* **TASK OBJECTIVE**: Pictures do not belong in the copy. Output exactly the lines from the one containing "Monster Face Painting: Skull De Face!" to the end of the listing below.

* **RECORDED INFORMATION**:
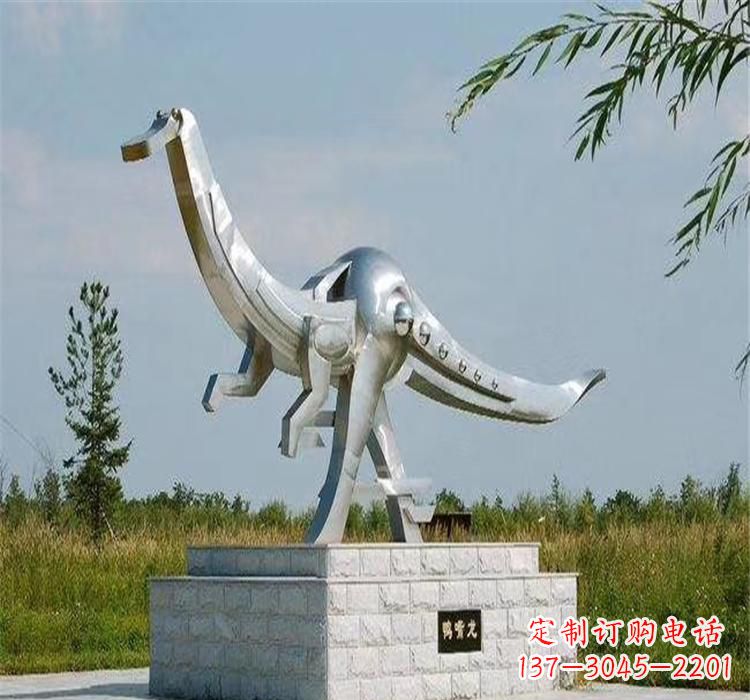 泰安不锈钢鸭嘴龙雕塑传承独特艺术魅力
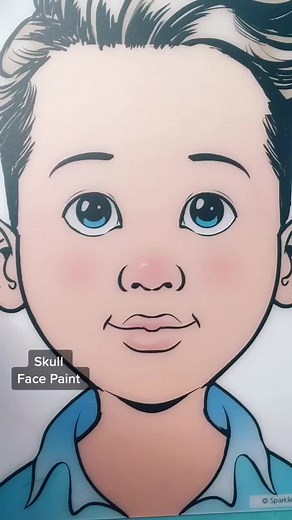 Monster Face Painting: Skull De Face!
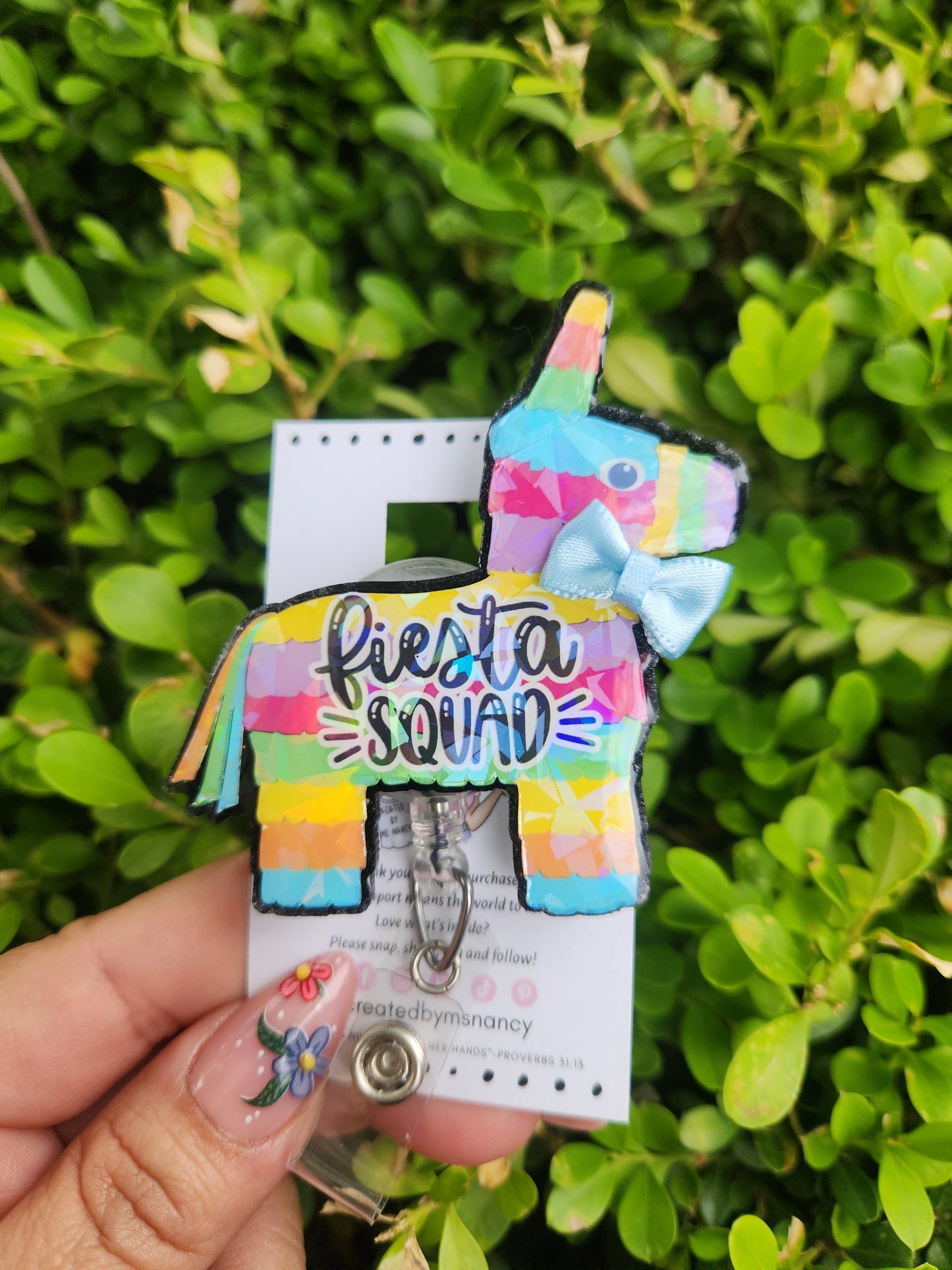 FIESTA Pinata Badge Reel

* **TASK SOLUTION**:
 Monster Face Painting: Skull De Face!
 FIESTA Pinata Badge Reel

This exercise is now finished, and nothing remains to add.